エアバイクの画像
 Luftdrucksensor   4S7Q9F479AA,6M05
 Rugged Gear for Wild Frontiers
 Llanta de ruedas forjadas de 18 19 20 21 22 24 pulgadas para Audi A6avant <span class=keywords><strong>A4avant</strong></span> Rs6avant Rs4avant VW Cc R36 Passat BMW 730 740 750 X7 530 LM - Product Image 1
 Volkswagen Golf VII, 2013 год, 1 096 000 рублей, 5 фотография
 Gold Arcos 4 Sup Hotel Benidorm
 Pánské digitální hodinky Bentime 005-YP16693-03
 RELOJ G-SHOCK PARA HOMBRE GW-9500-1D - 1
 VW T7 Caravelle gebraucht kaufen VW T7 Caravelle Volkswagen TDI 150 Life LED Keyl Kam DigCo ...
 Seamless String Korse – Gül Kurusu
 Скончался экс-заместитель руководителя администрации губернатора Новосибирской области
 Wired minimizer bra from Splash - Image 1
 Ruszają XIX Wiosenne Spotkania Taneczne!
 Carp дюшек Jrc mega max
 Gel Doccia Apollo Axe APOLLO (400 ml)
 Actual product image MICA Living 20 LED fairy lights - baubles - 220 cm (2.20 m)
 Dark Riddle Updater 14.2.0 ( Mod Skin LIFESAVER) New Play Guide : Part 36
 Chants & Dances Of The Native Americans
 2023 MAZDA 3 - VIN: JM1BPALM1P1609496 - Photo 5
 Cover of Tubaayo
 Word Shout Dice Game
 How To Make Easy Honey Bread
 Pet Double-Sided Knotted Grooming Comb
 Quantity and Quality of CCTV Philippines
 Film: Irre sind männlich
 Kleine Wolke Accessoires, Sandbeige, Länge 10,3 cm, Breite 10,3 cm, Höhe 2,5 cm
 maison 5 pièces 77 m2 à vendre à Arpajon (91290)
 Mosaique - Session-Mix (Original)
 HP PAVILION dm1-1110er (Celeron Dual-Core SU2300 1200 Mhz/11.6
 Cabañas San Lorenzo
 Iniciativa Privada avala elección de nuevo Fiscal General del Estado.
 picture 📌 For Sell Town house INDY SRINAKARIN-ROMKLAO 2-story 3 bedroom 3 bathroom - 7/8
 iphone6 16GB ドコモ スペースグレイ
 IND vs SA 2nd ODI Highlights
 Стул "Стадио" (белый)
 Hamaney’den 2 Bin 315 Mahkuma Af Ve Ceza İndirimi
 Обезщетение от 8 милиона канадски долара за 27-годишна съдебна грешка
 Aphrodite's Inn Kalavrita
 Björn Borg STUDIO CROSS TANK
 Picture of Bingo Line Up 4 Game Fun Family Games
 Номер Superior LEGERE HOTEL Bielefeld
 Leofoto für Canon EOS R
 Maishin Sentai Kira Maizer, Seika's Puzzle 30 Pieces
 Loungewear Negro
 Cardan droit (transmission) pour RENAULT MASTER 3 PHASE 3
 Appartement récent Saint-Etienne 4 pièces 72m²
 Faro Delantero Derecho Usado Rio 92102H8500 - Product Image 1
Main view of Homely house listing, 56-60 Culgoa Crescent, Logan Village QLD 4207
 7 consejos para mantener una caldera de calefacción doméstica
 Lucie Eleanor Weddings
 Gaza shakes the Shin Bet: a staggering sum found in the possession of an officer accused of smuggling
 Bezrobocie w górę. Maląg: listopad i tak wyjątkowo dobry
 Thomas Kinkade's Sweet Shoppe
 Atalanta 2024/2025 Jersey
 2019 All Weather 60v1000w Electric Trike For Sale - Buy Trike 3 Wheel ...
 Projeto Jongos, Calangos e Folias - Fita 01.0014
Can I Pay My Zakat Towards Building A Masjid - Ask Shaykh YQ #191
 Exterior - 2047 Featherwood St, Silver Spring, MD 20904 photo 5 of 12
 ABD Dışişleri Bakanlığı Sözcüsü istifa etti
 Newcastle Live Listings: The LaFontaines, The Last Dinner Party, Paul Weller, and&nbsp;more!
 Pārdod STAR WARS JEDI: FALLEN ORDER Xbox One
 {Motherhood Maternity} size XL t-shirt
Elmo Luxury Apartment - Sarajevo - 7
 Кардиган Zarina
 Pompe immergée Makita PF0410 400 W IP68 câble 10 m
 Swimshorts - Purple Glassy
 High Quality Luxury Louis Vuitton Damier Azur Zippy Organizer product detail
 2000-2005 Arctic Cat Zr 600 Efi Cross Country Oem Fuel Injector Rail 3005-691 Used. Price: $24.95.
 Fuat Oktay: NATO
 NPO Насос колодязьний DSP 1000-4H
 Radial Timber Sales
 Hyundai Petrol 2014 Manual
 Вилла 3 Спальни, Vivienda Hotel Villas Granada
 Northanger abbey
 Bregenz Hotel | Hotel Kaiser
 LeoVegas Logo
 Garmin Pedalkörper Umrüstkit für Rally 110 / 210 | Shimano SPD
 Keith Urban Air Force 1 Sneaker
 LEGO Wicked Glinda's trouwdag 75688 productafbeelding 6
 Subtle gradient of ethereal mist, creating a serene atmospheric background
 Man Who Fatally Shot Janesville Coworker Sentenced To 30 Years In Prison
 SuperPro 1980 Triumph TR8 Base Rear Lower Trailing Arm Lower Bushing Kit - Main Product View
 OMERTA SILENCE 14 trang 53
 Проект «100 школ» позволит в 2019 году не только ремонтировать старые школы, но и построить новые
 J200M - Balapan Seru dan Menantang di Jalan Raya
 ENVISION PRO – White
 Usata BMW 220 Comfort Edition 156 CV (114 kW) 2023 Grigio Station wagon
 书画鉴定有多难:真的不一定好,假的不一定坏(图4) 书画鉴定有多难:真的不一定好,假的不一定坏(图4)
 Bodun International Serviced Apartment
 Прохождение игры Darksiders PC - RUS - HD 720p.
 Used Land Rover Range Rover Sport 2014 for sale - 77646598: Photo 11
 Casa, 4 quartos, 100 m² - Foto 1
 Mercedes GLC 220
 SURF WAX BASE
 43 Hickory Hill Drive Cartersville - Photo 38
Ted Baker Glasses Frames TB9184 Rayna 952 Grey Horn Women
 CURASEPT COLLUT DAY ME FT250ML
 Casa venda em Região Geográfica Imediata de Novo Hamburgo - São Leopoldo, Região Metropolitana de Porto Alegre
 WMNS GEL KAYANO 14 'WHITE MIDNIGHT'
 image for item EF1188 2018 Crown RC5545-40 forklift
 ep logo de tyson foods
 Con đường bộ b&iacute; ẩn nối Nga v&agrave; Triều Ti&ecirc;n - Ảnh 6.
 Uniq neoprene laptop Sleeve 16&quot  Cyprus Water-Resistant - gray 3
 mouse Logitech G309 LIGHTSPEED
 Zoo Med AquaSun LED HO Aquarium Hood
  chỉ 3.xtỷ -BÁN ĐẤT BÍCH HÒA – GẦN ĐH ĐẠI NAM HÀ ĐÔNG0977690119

++++++++

■ WORK TO BE COMPLETED
What is needed is each line of the data, printed exactly.

■ ANSWER SECTION
エアバイクの画像
 Luftdrucksensor   4S7Q9F479AA,6M05
 Rugged Gear for Wild Frontiers
 Llanta de ruedas forjadas de 18 19 20 21 22 24 pulgadas para Audi A6avant <span class=keywords><strong>A4avant</strong></span> Rs6avant Rs4avant VW Cc R36 Passat BMW 730 740 750 X7 530 LM - Product Image 1
 Volkswagen Golf VII, 2013 год, 1 096 000 рублей, 5 фотография
 Gold Arcos 4 Sup Hotel Benidorm
 Pánské digitální hodinky Bentime 005-YP16693-03
 RELOJ G-SHOCK PARA HOMBRE GW-9500-1D - 1
 VW T7 Caravelle gebraucht kaufen VW T7 Caravelle Volkswagen TDI 150 Life LED Keyl Kam DigCo ...
 Seamless String Korse – Gül Kurusu
 Скончался экс-заместитель руководителя администрации губернатора Новосибирской области
 Wired minimizer bra from Splash - Image 1
 Ruszają XIX Wiosenne Spotkania Taneczne!
 Carp дюшек Jrc mega max
 Gel Doccia Apollo Axe APOLLO (400 ml)
 Actual product image MICA Living 20 LED fairy lights - baubles - 220 cm (2.20 m)
 Dark Riddle Updater 14.2.0 ( Mod Skin LIFESAVER) New Play Guide : Part 36
 Chants & Dances Of The Native Americans
 2023 MAZDA 3 - VIN: JM1BPALM1P1609496 - Photo 5
 Cover of Tubaayo
 Word Shout Dice Game
 How To Make Easy Honey Bread
 Pet Double-Sided Knotted Grooming Comb
 Quantity and Quality of CCTV Philippines
 Film: Irre sind männlich
 Kleine Wolke Accessoires, Sandbeige, Länge 10,3 cm, Breite 10,3 cm, Höhe 2,5 cm
 maison 5 pièces 77 m2 à vendre à Arpajon (91290)
 Mosaique - Session-Mix (Original)
 HP PAVILION dm1-1110er (Celeron Dual-Core SU2300 1200 Mhz/11.6
 Cabañas San Lorenzo
 Iniciativa Privada avala elección de nuevo Fiscal General del Estado.
 picture 📌 For Sell Town house INDY SRINAKARIN-ROMKLAO 2-story 3 bedroom 3 bathroom - 7/8
 iphone6 16GB ドコモ スペースグレイ
 IND vs SA 2nd ODI Highlights
 Стул "Стадио" (белый)
 Hamaney’den 2 Bin 315 Mahkuma Af Ve Ceza İndirimi
 Обезщетение от 8 милиона канадски долара за 27-годишна съдебна грешка
 Aphrodite's Inn Kalavrita
 Björn Borg STUDIO CROSS TANK
 Picture of Bingo Line Up 4 Game Fun Family Games
 Номер Superior LEGERE HOTEL Bielefeld
 Leofoto für Canon EOS R
 Maishin Sentai Kira Maizer, Seika's Puzzle 30 Pieces
 Loungewear Negro
 Cardan droit (transmission) pour RENAULT MASTER 3 PHASE 3
 Appartement récent Saint-Etienne 4 pièces 72m²
 Faro Delantero Derecho Usado Rio 92102H8500 - Product Image 1
Main view of Homely house listing, 56-60 Culgoa Crescent, Logan Village QLD 4207
 7 consejos para mantener una caldera de calefacción doméstica
 Lucie Eleanor Weddings
 Gaza shakes the Shin Bet: a staggering sum found in the possession of an officer accused of smuggling
 Bezrobocie w górę. Maląg: listopad i tak wyjątkowo dobry
 Thomas Kinkade's Sweet Shoppe
 Atalanta 2024/2025 Jersey
 2019 All Weather 60v1000w Electric Trike For Sale - Buy Trike 3 Wheel ...
 Projeto Jongos, Calangos e Folias - Fita 01.0014
Can I Pay My Zakat Towards Building A Masjid - Ask Shaykh YQ #191
 Exterior - 2047 Featherwood St, Silver Spring, MD 20904 photo 5 of 12
 ABD Dışişleri Bakanlığı Sözcüsü istifa etti
 Newcastle Live Listings: The LaFontaines, The Last Dinner Party, Paul Weller, and&nbsp;more!
 Pārdod STAR WARS JEDI: FALLEN ORDER Xbox One
 {Motherhood Maternity} size XL t-shirt
Elmo Luxury Apartment - Sarajevo - 7
 Кардиган Zarina
 Pompe immergée Makita PF0410 400 W IP68 câble 10 m
 Swimshorts - Purple Glassy
 High Quality Luxury Louis Vuitton Damier Azur Zippy Organizer product detail
 2000-2005 Arctic Cat Zr 600 Efi Cross Country Oem Fuel Injector Rail 3005-691 Used. Price: $24.95.
 Fuat Oktay: NATO
 NPO Насос колодязьний DSP 1000-4H
 Radial Timber Sales
 Hyundai Petrol 2014 Manual
 Вилла 3 Спальни, Vivienda Hotel Villas Granada
 Northanger abbey
 Bregenz Hotel | Hotel Kaiser
 LeoVegas Logo
 Garmin Pedalkörper Umrüstkit für Rally 110 / 210 | Shimano SPD
 Keith Urban Air Force 1 Sneaker
 LEGO Wicked Glinda's trouwdag 75688 productafbeelding 6
 Subtle gradient of ethereal mist, creating a serene atmospheric background
 Man Who Fatally Shot Janesville Coworker Sentenced To 30 Years In Prison
 SuperPro 1980 Triumph TR8 Base Rear Lower Trailing Arm Lower Bushing Kit - Main Product View
 OMERTA SILENCE 14 trang 53
 Проект «100 школ» позволит в 2019 году не только ремонтировать старые школы, но и построить новые
 J200M - Balapan Seru dan Menantang di Jalan Raya
 ENVISION PRO – White
 Usata BMW 220 Comfort Edition 156 CV (114 kW) 2023 Grigio Station wagon
 书画鉴定有多难:真的不一定好,假的不一定坏(图4) 书画鉴定有多难:真的不一定好,假的不一定坏(图4)
 Bodun International Serviced Apartment
 Прохождение игры Darksiders PC - RUS - HD 720p.
 Used Land Rover Range Rover Sport 2014 for sale - 77646598: Photo 11
 Casa, 4 quartos, 100 m² - Foto 1
 Mercedes GLC 220
 SURF WAX BASE
 43 Hickory Hill Drive Cartersville - Photo 38
Ted Baker Glasses Frames TB9184 Rayna 952 Grey Horn Women
 CURASEPT COLLUT DAY ME FT250ML
 Casa venda em Região Geográfica Imediata de Novo Hamburgo - São Leopoldo, Região Metropolitana de Porto Alegre
 WMNS GEL KAYANO 14 'WHITE MIDNIGHT'
 image for item EF1188 2018 Crown RC5545-40 forklift
 ep logo de tyson foods
 Con đường bộ b&iacute; ẩn nối Nga v&agrave; Triều Ti&ecirc;n - Ảnh 6.
 Uniq neoprene laptop Sleeve 16&quot  Cyprus Water-Resistant - gray 3
 mouse Logitech G309 LIGHTSPEED
 Zoo Med AquaSun LED HO Aquarium Hood
  chỉ 3.xtỷ -BÁN ĐẤT BÍCH HÒA – GẦN ĐH ĐẠI NAM HÀ ĐÔNG0977690119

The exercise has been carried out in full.